Mexico’s National Migration Institute issued a statement saying agents were carrying out an immigration check on a group of migrants who “began an aggression” against the agents, who then called in federal police.
It said 367 people, including a “significant number” of children and women, were “rescued” and taken to an immigration station.
Journalists saw police target isolated groups at the tail end of a caravan of about 3,000 migrants who were making their way through Chiapas, Mexico’s southernmost state.
As migrants gathered under spots of shade in the burning heat outside the city of Pijijiapan, federal police and agents arrived in patrol trucks and vans and forcibly wrestled women, men and children into the vehicles.
The migrants were driven to buses, presumably for subsequent transportation to an immigration station for deportation processing.
Some women and children wailed and screamed during the detentions on the roadside.
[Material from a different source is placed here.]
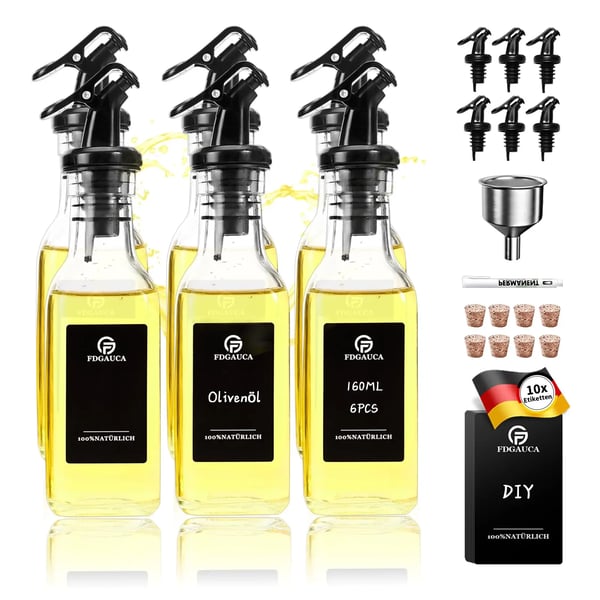 Öljyannostelusetti, Korkean läpinäkyvyyden lasi, Tiputtamaton kaataminen,6x160ml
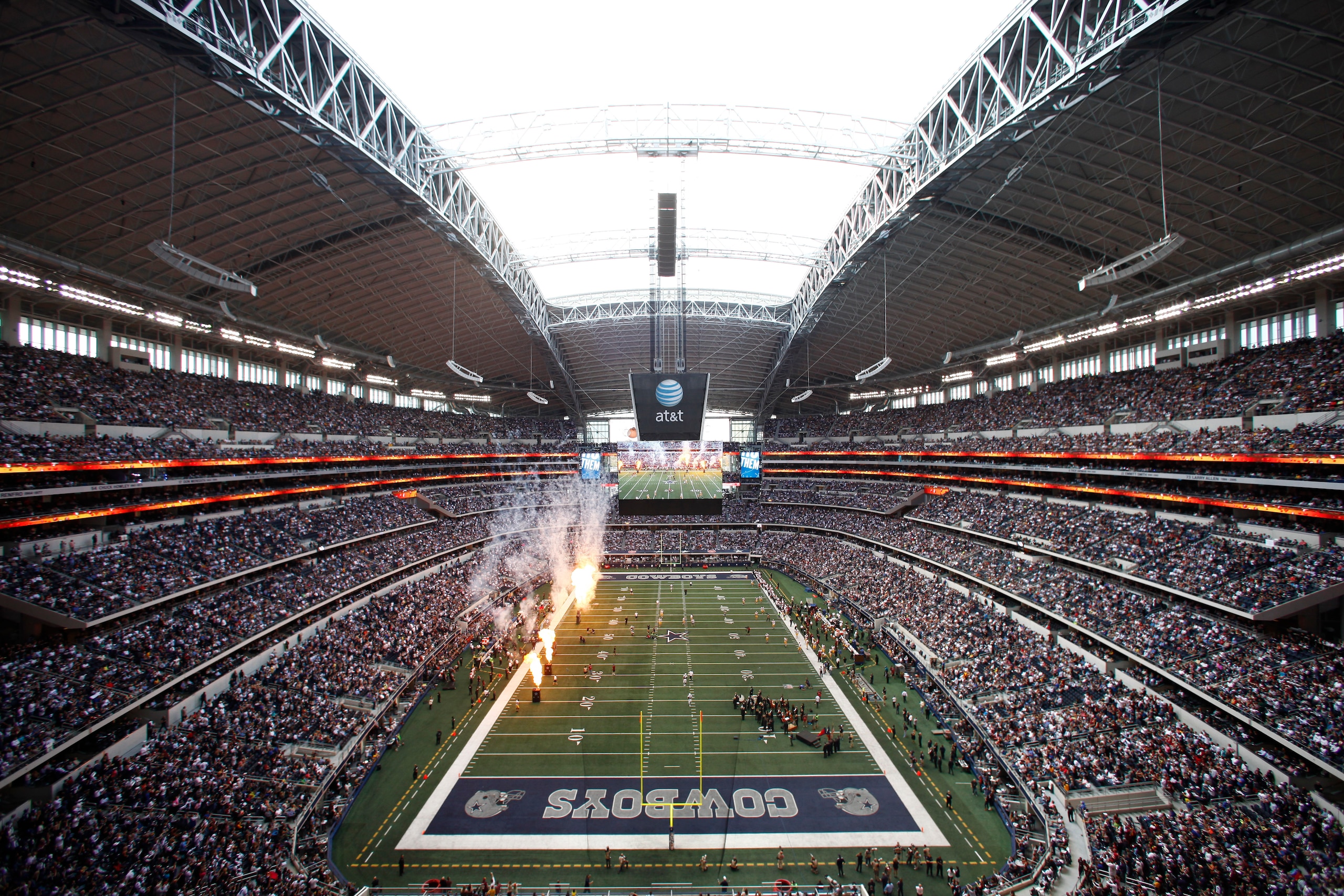 Dallas Cowboys Stadium before the start of the Dallas Cowboys NFL football game against the Washington Redskins Thursday, Nov. 22, 2012 in Arlington, Texas. (AP Photo/Tim Sharp)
Clothes, shoes, suitcases and strollers littered the scene after they were taken away.
Agents had encouraged groups of migrants that separated from the bulk of the caravan to rest after some seven hours of trudging along the road, including about half of that under a broiling sun. When the migrants regrouped to continue, they were detained.
Agents positioned themselves at the head of the group and at the back. Some people in civilian clothing appeared to be participating in the detentions.
After seeing others being detained, some migrants began walking in dense groups and picked up stones and sticks.
Officials from Mexico’s National Human Rights Commission observed the action from a distance.
Mexico welcomed the first migrant caravans last year, but the reception has gotten colder since tens of thousands of migrants overwhelmed U.S. border crossings, causing delays at the border and angering Mexican residents.
The U.S. also has ramped up pressure on Mexico to do more to stem the flow of migrants. President Donald Trump railed against the government of his Mexican counterpart, Andrés Manuel López Obrador, and threatened to shut the entire border down, but then quickly congratulated Mexico for migrant arrests just a few weeks ago.